If you have been on social media the past few days, you know the story. Video shows a woman confronting a father and son at a baseball game and insisting on taking a ball from the son. Since then her image has been widely circulated, with calls that she be identified, fired from her job, and disgraced into perpetuity.
I offer no further details; I am not interested in the story itself but in what the spread of the story shows us about ourselves.
I can't say with authority that bad behavior in public has become more common, but I am sure that the prevalence of cellphones and video surveillance has made accounts of bad behavior in public increasingly common.

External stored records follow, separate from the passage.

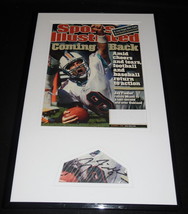 Jay Fiedler Signed Framed 2001 Sports Illustrated Cover Display Dolphins image 1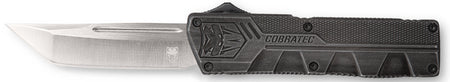 CobraTec Knives Lightweight 3.25" OTF Tanto Plain D2 Steel Blade Stonewashed Aluminum Handle with Pocket Clip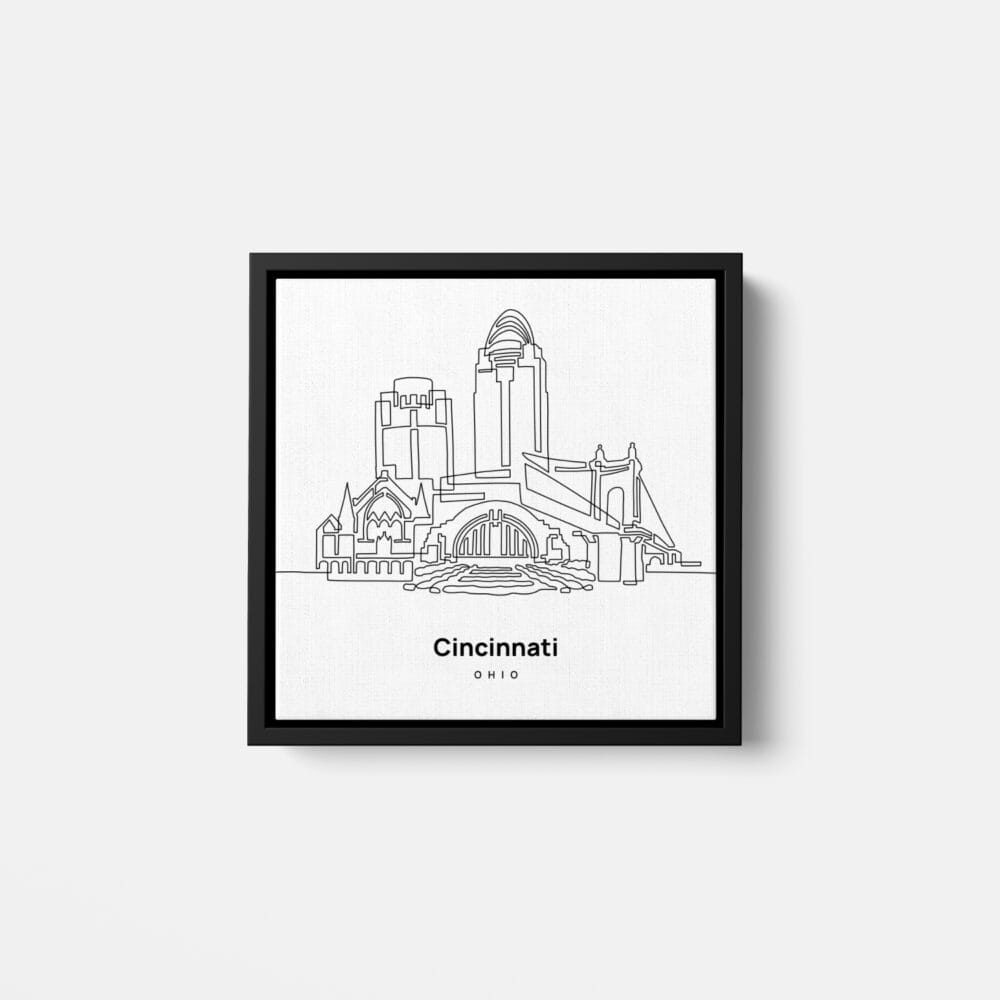 Mini Cincinnati Canvas Print - Main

And spreading without perspective. A woman bullying a kid and parent into giving up a baseball at a ballpark gets the same widespread indignant comment as someone shouting racial abuse at Black or Latino persons and trying to get them arrested or deported, or threatening physical violence. Perhaps lack of confidence in government and institutions prompts people to go on these vigilante jags, and a public that seems increasingly angry also appears to be increasingly eager to find subjects on which to vent that anger--with a lack of any oversight or norms leaving one wondering whether justice is actually served.
Then there is the Karen thing. The woman at the ballpark has been repeatedly called a Karen, which has become a widespread pejorative term for a middle-class woman, usually white, who is caught in public displaying behavior that is entitled, demanding, and obnoxious. As these Karen reports multiply online, it is hard not to see that to the class issue has been added a tincture of something very much like misogyny.
People who circulate these reports of bad behavior might consider whether the bad behavior is limited to the subjects.